(Extracted entries begins)

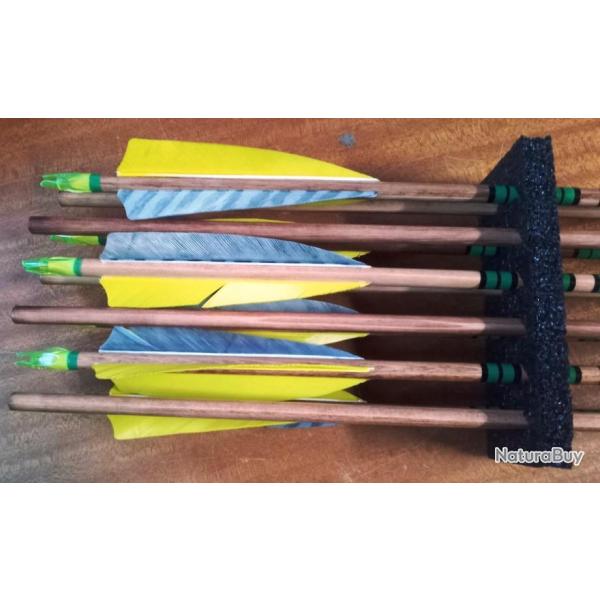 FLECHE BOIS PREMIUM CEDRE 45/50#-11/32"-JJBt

(Extracted entries ends)
(Extracted entries begins)

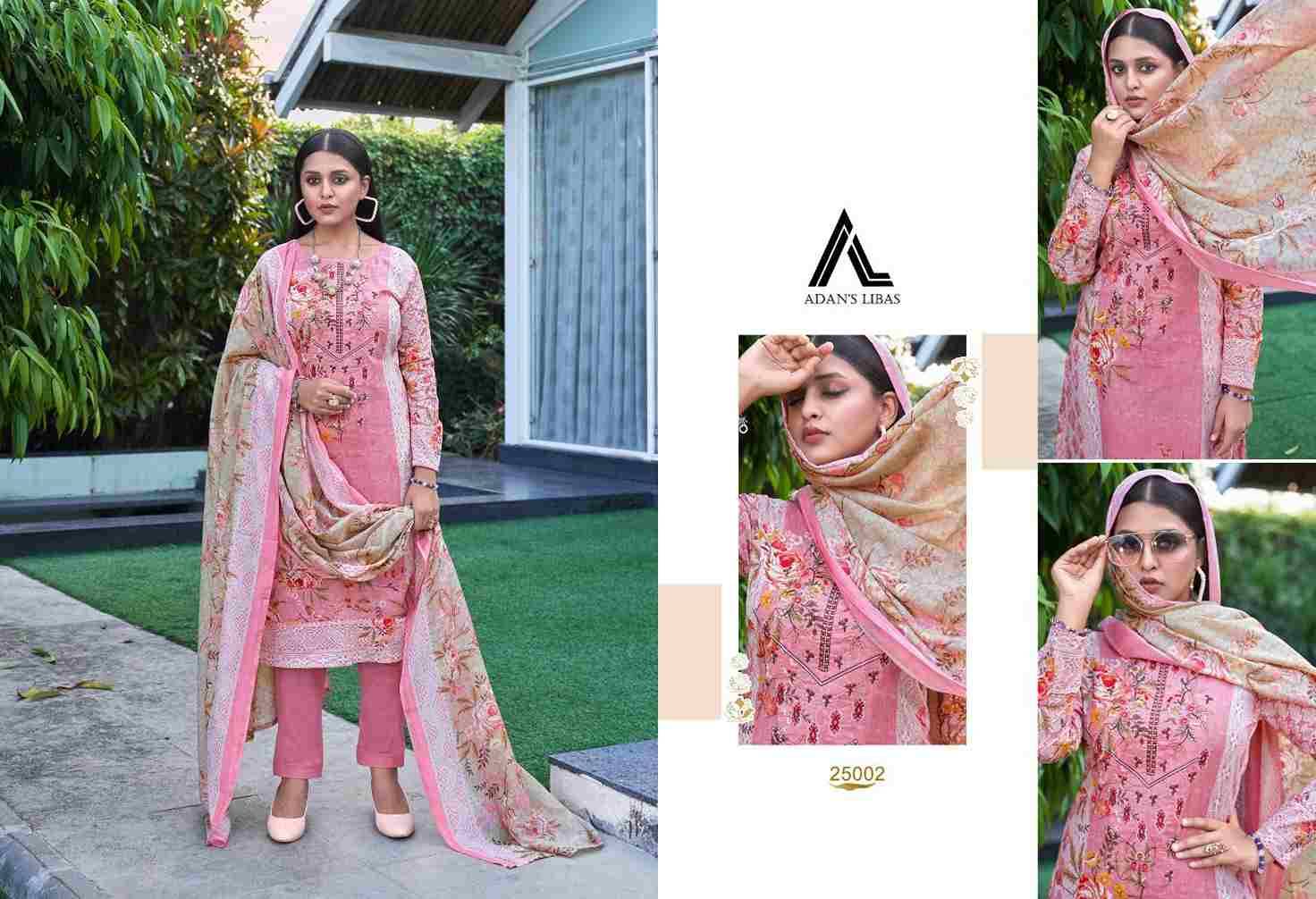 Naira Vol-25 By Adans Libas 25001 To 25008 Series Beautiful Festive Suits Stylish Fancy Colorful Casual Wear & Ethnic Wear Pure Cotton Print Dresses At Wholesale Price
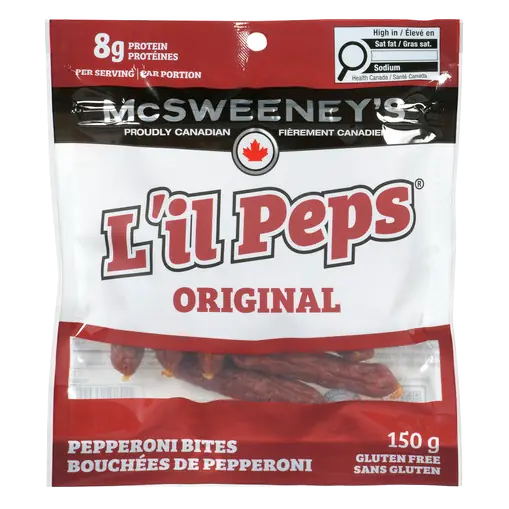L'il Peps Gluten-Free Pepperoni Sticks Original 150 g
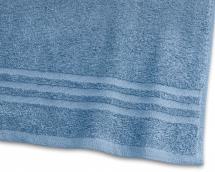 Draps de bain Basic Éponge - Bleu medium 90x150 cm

(Extracted entries ends)

Out of the records above, please copy exactly the lines from the line with "Naira Vol-25 By" up to and including the line with "Draps de bain", minus the pictures.

 Naira Vol-25 By Adans Libas 25001 To 25008 Series Beautiful Festive Suits Stylish Fancy Colorful Casual Wear & Ethnic Wear Pure Cotton Print Dresses At Wholesale Price
L'il Peps Gluten-Free Pepperoni Sticks Original 150 g
 Draps de bain Basic Éponge - Bleu medium 90x150 cm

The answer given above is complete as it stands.